This is republished from Border Criminologies: Foreigners in a Carceral Age
A new report in the UNHCR Legal and Protection Police Research Series co-authored by Cathryn Costello and Esra Kaytaz from the University of Oxford explores the nature and impact of alternatives to detention for refugees, asylum seekers and other migrants in Geneva and Toronto. Based on a combination of documentary analysis and interviews carried out in the summer of 2012, the report argues for greater attention to conditions and treatment at reception. Those who felt that they had been treated fairly and well were most likely to cooperate with the legal process.
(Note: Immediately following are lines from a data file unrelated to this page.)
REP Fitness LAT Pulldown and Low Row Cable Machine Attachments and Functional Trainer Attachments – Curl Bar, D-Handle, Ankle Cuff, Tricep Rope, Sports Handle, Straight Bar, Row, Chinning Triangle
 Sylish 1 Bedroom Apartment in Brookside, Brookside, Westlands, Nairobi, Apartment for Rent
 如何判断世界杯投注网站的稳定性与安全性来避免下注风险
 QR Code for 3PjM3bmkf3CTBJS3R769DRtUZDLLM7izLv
The report also explores the process for securing release from immigration detention centres in the two cities.
The cities were selected based on advice from the UNHCR that recommended them as sites “with significant accessible asylum-seeker populations, with various receptions systems in place that seemed to avoid detention.” (Costello and Kaytaz, 2013: 6). In Toronto they included shelter system in their definition of alternatives to detention, while accommodation in Geneva ranged from Federal Centres d’Enregistrement et de Procedure (CEPs) to Foyers run by the Canton of Geneva.
Altogether the authors interviewed 52 women and men at various stages of the asylum process. Interview material was used to understand the lived experience of alternatives to detention and its relationship to people’s cooperation and compliance with the asylum process. By drawing on testimonies, this report contributes to the scant literature on first hand accounts of border control. It also addresses the extensive body of criminological and legal work on why people obey the law. Its conclusions, that well-run, effective and fair alternatives to detention ‘work’ raises important policy questions about the rationale of closed detention centres for this population.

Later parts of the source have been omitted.